Framed: Tijuana Painter Hugo Crosthwaite Imagines a Sci-fi Future for Mexican Youth

“Tijuana Makes Me Happy” celebrates the exploding art scene just south of the border
1974

In the small gallery space on the ground floor of the Mexican Consulate, the works of Tijuana’s  future art stars line the walls. The MacArthur Park-adjacent building is home to Tijuana Makes Me Happy, a showcase of works by artists from the border city.

Tijuana has experienced a radical transformation in the last few years. A reduction in violence and a growing middle class have fostered the explosion of the local art scene, and the work it has produced is some of the most exciting in North America. Former tourist-trap stalls around Pasaje Rodriguez are being converted into gallery spaces like 206 Arte Contemporaneo, Nodo Galeria, and Espacio Freelance. It’s a quantum leap for the Mexican government to acknowledge the progress with an art show in Los Angeles that’s open to the public.

Tijuana Makes Me Happy includes a video by Pepe Mogt (an electronic musician who works with Baja music ensemble Nortec Collective), Pablo’s Llano’s golden happy meal sculpture and collage of fast food wrappers, and Fritz Torres’ animations. Among the many works, one stands out: Robotlicue, a large piece created by Hugo Crosthwaite, whose art was featured in the Orange County Museum of Art’s California-Pacific Triennial in 2013.
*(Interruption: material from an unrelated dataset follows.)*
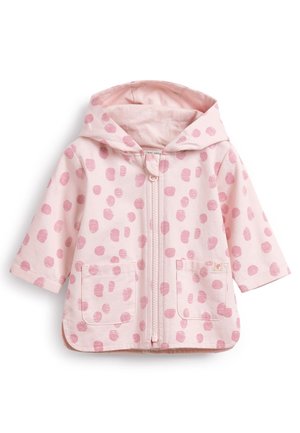 Jasnoróżowa kurtka z kapturem, zapinana na zamek z przodu, z dwoma bocznymi kieszeniami i wzorem w kropki w ciemniejszym różu. Wykonana z miękkiej bawełny.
Robotlicue depicts a mashup of Robby the Robot from the cult sci-fi movie Forbidden Planet and Coatlicue, the Aztec mother of gods who birthed the sun, the moon, the stars, and war god Huitzilopochtli. Around the black-and-white graphite and painted portrait–a style that looks part Xerox-punk flyer and part El Greco–children climb on the robot, wearing jet packs and Jetsons-style astronaut helmets. 

At last week’s opening, Crosthwaite humbly mentioned that the piece was just about kids’ imaginations, but it’s more complicated than his description suggests. Robotlicue is imbued with images and symbols that carry connotations far outside the fun-filled scene.
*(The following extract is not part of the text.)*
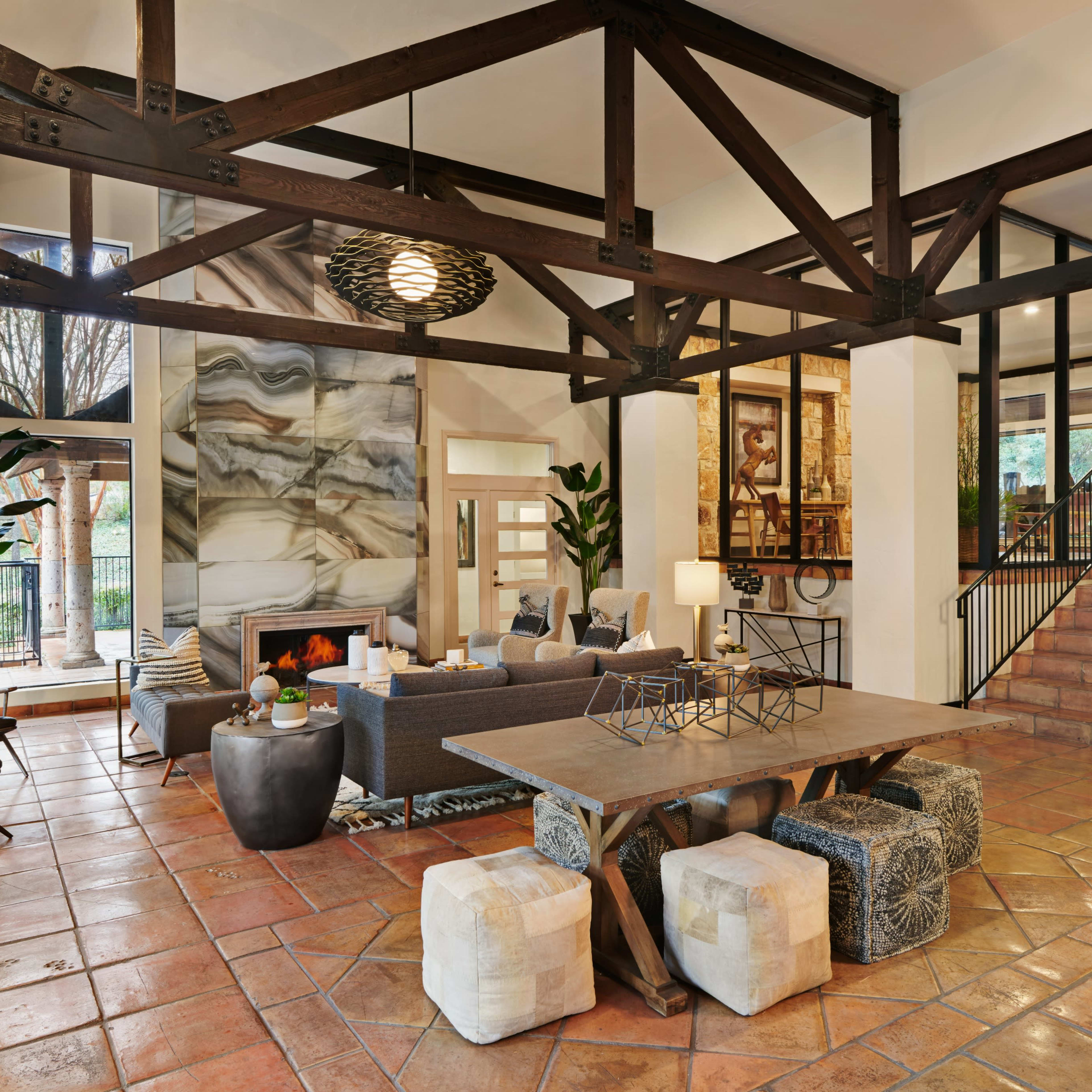 A spacious living area with a high ceiling, featuring large windows, a stone fireplace, and a mix of modern furniture, including a large table and comfortable seating.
Like the facsimiles of gargantuan Olmec stone heads and the concrete and plaster Aztec calendars that line La Revu–Avenida Revolución, the nearly empty tourist strip cluttered with bored salespeople and spray-painted donkeys–Crosthwaite’s robot-god mashup reflects the superimposed cultures of Mexico. Crosthwaite is familiar with kitschy representations of indigenous culture; his family ran a shop in his hometown, the beach haven of Rosarito. Growing up in the tourist town, he was almost as familiar with culture of America as he was with that of Mexico. In Robotlicue, Crosthwaite addresses this particular brand of code-switching, the ability to move between identities at any given moment.

His work investigates how a post-colonial country interfaces with modern movies and explores the idae that behind these cinematic myths lies a much older shadow. In Crosthwaite’s work, Coatlicue is the core inside of Robby the Robot, suggesting an ancient imagination lies at the heart of every sci-fi fantasy. Tijuana’s resurrection poises the city on the edge of a promising future, and Crosthwaite’s work offers a bold vision of that new world.

Tijuana Makes Me Happy is open to the public until January 15. 2401 W. 6th Street, Los Angeles.